• Assigned task:
What must be handed in is the entire listing, exactly as written, with no pictures.

• Material provided:
►
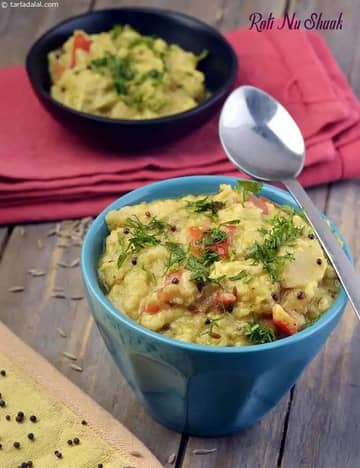 Roti Nu Shaak Recipe (Roti Ki Sabzi)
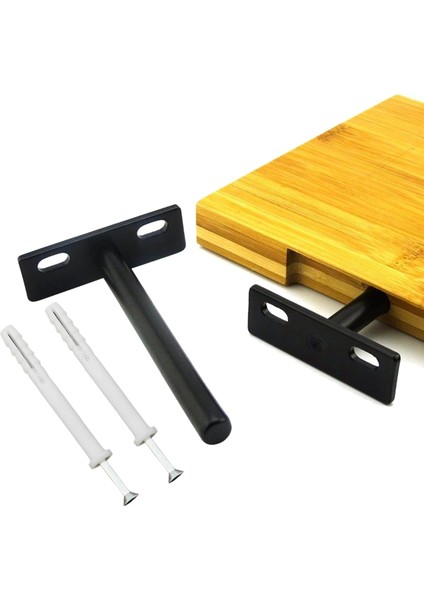 3 Inç 4 Inç 5 Inç Yüzer Raf Destekleri, 8X6.2X2CM ile Ağır Hizmet Gizli Raf (Yurt Dışından) modelleri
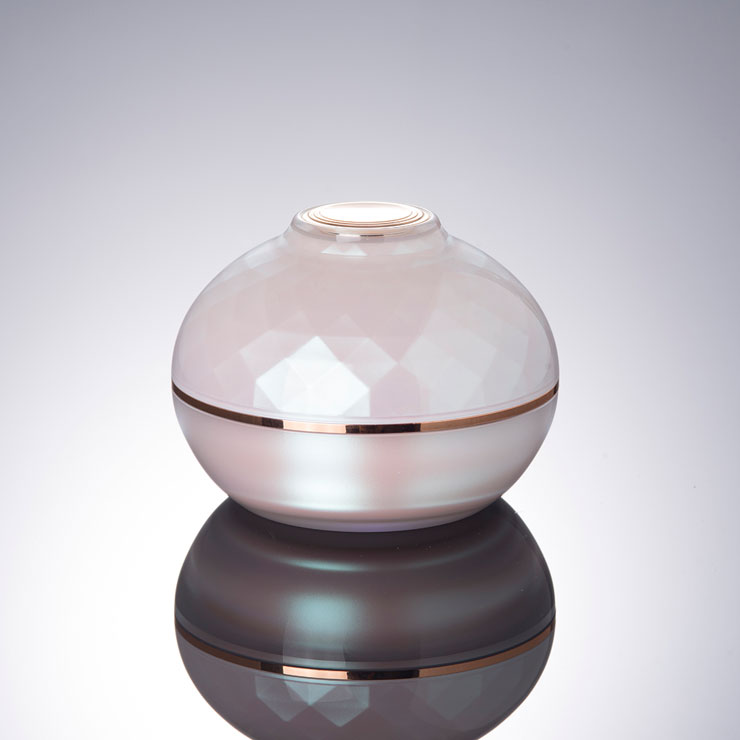 Wholesale Price Cosmetic Jars -
 IN STOCK New design factory price 30ml empty Round Acrylic Jar Cosmetic Packaging cream jar – Xumin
◄
• Task solution:
 Roti Nu Shaak Recipe (Roti Ki Sabzi)
 3 Inç 4 Inç 5 Inç Yüzer Raf Destekleri, 8X6.2X2CM ile Ağır Hizmet Gizli Raf (Yurt Dışından) modelleri
 Wholesale Price Cosmetic Jars -
 IN STOCK New design factory price 30ml empty Round Acrylic Jar Cosmetic Packaging cream jar – Xumin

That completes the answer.